Peter Walters, Vice Chair of the Coventry Society, reports back on our last visit

A green wall, rising thirty feet from the courtyard and dense with foliage, was a surprise highlight of the Coventry Society’s visit to Bond’s Hospital almshouses.

Almost certainly the only one of its kind yet to be installed in Coventry, the living wall brings a wonderfully contemporary touch to an institution that after 500 years is still offering shelter and comfort to those Coventry folk who need it.

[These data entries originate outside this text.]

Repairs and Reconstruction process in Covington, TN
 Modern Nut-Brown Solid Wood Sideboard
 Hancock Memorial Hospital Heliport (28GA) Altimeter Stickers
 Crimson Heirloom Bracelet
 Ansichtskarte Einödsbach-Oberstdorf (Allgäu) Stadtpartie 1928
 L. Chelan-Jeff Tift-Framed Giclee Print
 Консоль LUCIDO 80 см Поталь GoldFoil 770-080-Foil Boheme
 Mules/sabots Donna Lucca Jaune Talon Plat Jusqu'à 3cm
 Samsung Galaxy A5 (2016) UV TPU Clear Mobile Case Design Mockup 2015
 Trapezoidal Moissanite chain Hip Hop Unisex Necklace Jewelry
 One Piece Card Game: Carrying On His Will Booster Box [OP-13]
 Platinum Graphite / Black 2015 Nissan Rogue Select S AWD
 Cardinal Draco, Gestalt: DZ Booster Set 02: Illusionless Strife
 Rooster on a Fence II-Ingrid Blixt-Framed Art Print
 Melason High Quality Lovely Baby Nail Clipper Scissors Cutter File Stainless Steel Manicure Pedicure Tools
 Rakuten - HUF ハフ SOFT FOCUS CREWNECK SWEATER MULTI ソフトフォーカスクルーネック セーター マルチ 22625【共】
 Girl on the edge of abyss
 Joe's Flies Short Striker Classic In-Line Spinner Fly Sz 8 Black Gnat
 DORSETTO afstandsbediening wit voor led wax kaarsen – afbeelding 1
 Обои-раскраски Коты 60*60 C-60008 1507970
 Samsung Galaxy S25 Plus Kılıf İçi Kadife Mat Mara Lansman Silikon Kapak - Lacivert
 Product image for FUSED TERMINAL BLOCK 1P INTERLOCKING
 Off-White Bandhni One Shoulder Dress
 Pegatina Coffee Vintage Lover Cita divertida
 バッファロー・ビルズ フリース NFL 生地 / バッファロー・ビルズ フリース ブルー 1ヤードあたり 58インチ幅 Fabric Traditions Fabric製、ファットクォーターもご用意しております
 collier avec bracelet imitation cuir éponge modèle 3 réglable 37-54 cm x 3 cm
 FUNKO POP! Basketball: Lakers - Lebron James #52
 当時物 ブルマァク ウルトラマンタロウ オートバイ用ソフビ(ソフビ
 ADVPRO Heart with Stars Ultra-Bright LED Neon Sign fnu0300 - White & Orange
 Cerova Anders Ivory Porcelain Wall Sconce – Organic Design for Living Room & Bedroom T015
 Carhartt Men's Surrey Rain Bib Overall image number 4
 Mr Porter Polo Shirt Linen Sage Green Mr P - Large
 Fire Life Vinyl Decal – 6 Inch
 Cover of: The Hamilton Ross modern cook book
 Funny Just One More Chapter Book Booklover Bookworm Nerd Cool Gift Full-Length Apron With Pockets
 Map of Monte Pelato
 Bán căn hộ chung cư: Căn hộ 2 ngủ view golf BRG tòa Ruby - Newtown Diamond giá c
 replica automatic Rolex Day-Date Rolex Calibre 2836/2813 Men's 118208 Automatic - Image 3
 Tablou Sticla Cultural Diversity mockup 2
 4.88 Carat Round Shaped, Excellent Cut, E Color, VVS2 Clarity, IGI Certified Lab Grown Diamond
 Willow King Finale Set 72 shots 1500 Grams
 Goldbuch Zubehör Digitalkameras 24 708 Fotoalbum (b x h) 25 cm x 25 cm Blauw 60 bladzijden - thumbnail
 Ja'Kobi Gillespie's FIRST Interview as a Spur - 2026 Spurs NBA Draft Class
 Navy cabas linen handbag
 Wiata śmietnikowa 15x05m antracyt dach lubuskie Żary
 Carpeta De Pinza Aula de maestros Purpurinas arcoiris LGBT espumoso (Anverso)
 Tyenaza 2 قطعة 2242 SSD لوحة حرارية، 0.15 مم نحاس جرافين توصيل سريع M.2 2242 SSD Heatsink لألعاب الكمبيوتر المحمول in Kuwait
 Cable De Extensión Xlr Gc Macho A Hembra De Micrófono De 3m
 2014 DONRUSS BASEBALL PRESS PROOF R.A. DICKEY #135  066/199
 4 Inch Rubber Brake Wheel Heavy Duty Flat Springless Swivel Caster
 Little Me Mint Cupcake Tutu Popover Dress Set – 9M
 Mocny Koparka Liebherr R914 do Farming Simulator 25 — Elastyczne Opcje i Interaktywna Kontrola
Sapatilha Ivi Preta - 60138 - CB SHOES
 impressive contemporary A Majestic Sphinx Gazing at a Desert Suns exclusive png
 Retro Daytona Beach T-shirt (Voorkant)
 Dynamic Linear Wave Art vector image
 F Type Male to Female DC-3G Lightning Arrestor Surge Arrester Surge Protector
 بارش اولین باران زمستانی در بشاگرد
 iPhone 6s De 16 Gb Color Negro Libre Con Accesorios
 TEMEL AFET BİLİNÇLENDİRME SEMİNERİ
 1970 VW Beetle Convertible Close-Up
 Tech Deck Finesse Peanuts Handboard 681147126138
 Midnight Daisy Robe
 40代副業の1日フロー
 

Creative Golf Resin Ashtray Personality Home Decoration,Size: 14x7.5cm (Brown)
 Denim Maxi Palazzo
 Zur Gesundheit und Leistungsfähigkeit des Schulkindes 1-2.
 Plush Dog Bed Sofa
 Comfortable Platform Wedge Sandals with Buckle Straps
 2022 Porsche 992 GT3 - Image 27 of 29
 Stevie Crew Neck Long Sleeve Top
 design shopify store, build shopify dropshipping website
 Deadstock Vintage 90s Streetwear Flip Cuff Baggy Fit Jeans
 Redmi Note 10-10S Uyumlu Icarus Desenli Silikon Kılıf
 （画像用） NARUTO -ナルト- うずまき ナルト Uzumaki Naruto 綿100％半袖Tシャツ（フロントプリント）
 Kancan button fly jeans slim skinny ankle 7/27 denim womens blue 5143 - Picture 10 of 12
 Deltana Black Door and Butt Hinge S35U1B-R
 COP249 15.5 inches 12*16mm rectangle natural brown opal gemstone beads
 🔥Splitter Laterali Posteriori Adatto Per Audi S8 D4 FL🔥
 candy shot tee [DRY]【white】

The visit, hosted by the charity’s chair, Victor Keene, its chief executive Matthew White and vice-chair Gina Rigby, began in the old boardroom at Bond’s, essentially a Victorian re-build beneath the original sixteenth century roof.

Mr Keene gave the twenty-four Society members attending a brief history of the charity since its foundation, in 1506, by wealthy Coventry draper Thomas Bond, who set up an almshouse for ten poor men, with a woman to look after them.

CovSoc members gather in the courtyard to Bond’s Hospital, with the old Bablake School to the right.

In his introduction, Victor Keene found space for one or two memories from that long history, notably the story of a seventeenth century Bond’s resident who in pursuit of his ambition to become the almshouse’s senior resident, poisoned a number of his comrades and was buried in unhallowed ground at the top of Bishop Street.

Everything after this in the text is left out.